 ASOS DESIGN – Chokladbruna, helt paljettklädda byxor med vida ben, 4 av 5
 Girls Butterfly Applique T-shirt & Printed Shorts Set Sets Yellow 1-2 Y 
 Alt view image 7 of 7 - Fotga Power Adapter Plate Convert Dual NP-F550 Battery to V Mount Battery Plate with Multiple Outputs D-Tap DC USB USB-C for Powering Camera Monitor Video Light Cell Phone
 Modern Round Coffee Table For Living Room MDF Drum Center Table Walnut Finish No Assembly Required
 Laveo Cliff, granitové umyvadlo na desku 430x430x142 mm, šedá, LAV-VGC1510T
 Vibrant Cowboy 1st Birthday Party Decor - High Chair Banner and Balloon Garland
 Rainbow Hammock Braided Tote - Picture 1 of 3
.....
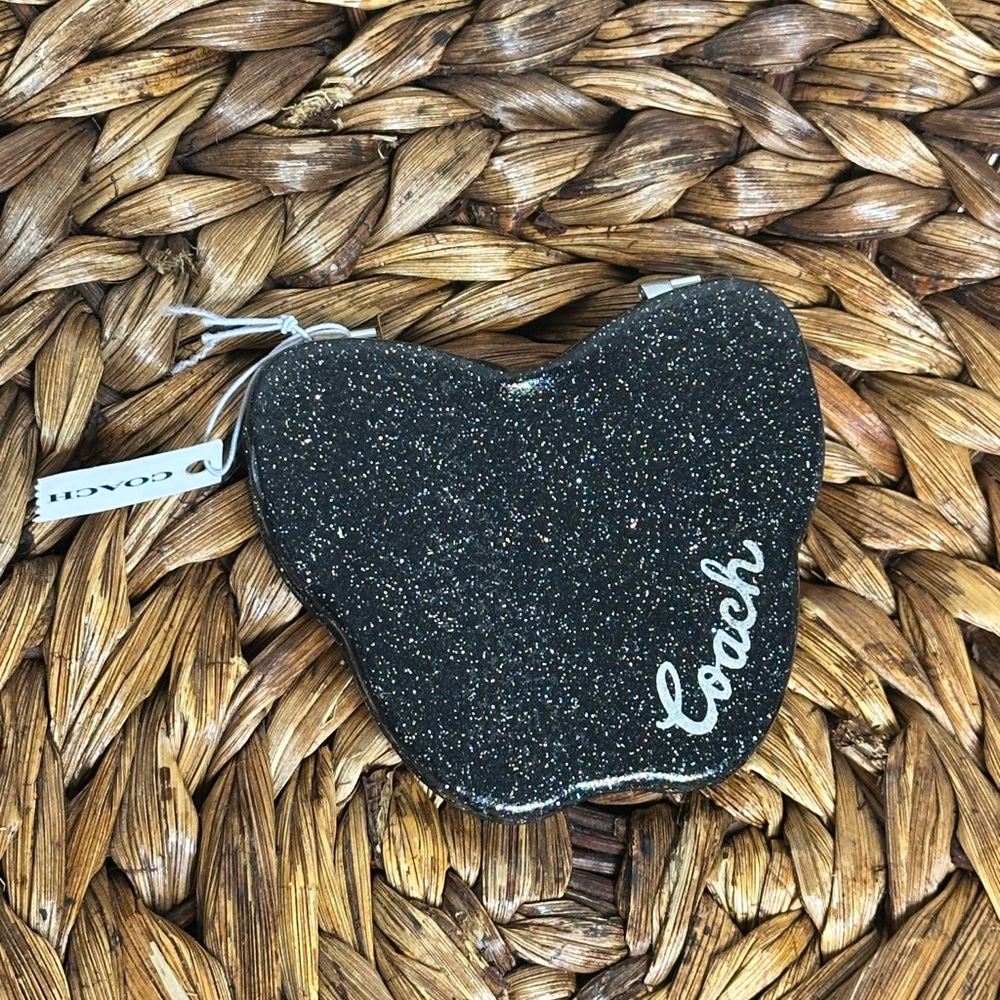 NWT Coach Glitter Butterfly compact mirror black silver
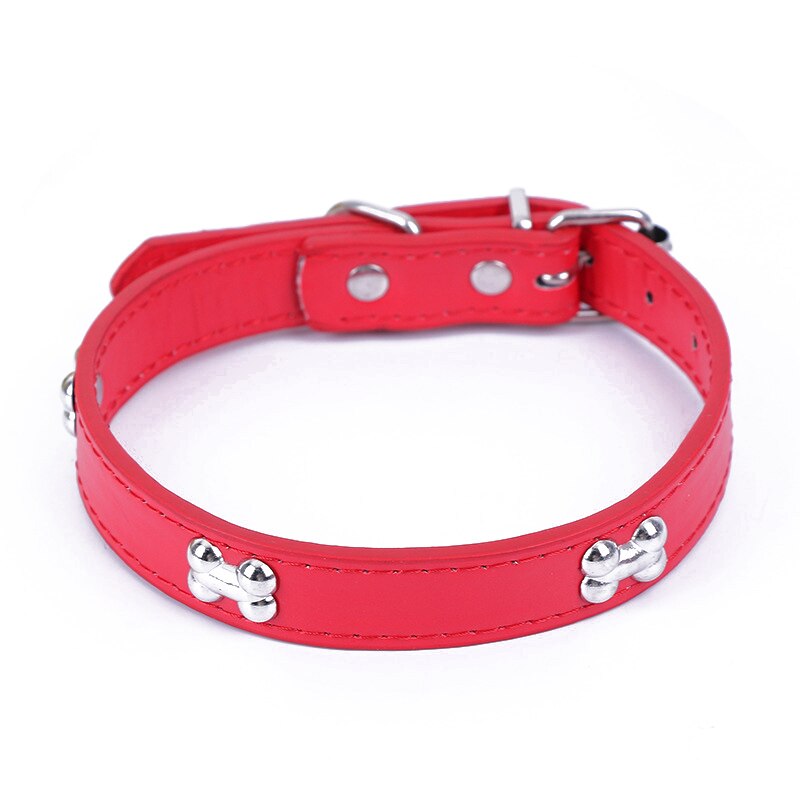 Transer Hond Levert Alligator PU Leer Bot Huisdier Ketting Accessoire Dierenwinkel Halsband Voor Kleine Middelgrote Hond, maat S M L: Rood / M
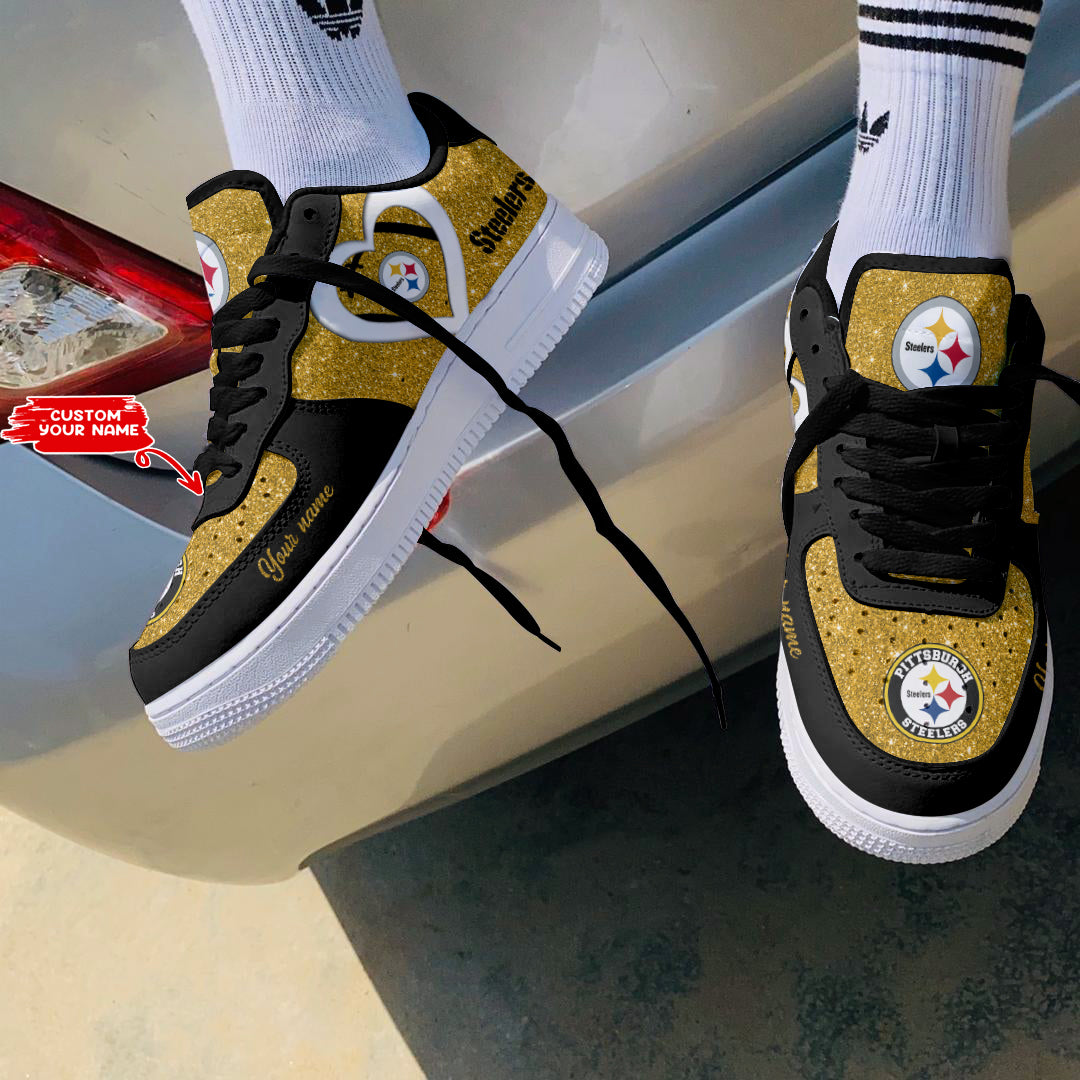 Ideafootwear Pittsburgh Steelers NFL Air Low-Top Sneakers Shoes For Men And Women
.....
> _EXERCISE_
Nothing but the lines above from the one containing "ASOS DESIGN –" through the one containing "Modern Round Coffee" should appear in the answer, each repeated exactly.

> _TASK ANSWER_
 ASOS DESIGN – Chokladbruna, helt paljettklädda byxor med vida ben, 4 av 5
 Girls Butterfly Applique T-shirt & Printed Shorts Set Sets Yellow 1-2 Y 
 Alt view image 7 of 7 - Fotga Power Adapter Plate Convert Dual NP-F550 Battery to V Mount Battery Plate with Multiple Outputs D-Tap DC USB USB-C for Powering Camera Monitor Video Light Cell Phone
 Modern Round Coffee Table For Living Room MDF Drum Center Table Walnut Finish No Assembly Required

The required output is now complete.